ELIADE, Mircea. Mefistófeles e o Andrógino. São Paulo: Martins Fontes, 1999. 

ELIADE, Mircea. O sagrado e o profano. São Paulo: Martins Fontes, 2018. 

PEYRE, Henri. A literatura simbolista. Tradução: Maria Helena Nery Garcez e Maria Clara R. T. Constantino. São Paulo: Cultrix, 1983 [1976]. 

VICTOR, Nestor. Folhas que ficam. Rio de Janeiro: Grande Livraria Editora Leite Ribeiro-Maurilo, 1920 (1900-1914). 

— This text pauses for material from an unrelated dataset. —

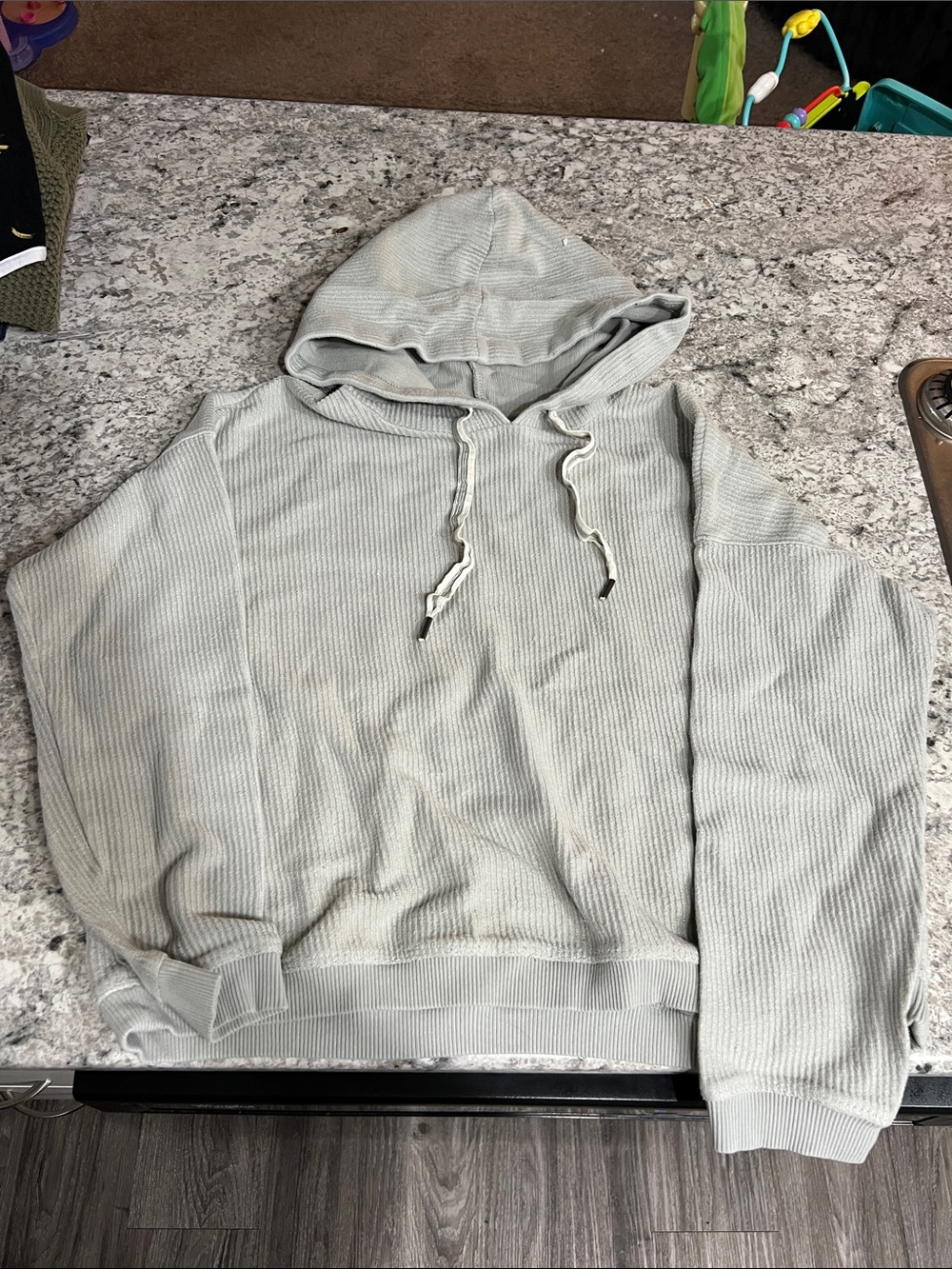 aerie Light Gray Waffle Knit Hooded Pullover
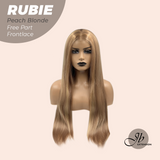 JBEXTENSION 30 Inches Peach Blonde Long Straight Fiber X, Tangle Less Pre-Cut Free Part Frontlae Glueless Wig RUBIE PEACH BLONDE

VICTOR, Nestor. Obra crítica de Nestor Vítor. Rio de Janeiro: Ministério da Educação e Cultura; Casa de Rui Barbosa, 1969, 1973, 1979. 

VICTOR, Nestor. Paris (Impressões de um Brasileiro). Rio de Janeiro: Livraria Francisco Alves, 1911. 

VICTOR, Nestor. Signos. Sapopemba: Tipografia Correia, Neves C., 1897. 

WHITEHEAD, Alfred North. A ciência e o mundo moderno. Tradução: Aires da Mata Machado Filho. São Paulo: Brasiliense, 1951 [1925]. 

WHITEHEAD, Alfred North. A função da razão. Tradução: Fernando Dídimo Vieira. Brasília: Editora Universidade de Brasília, 1988 [1929]. 

WILSON, Edmund. O castelo de Axel (estudo sobre a literatura imaginativa de 1870 a 1930). Tradução: José Paulo Paes. São Paulo: Cultrix, 1993.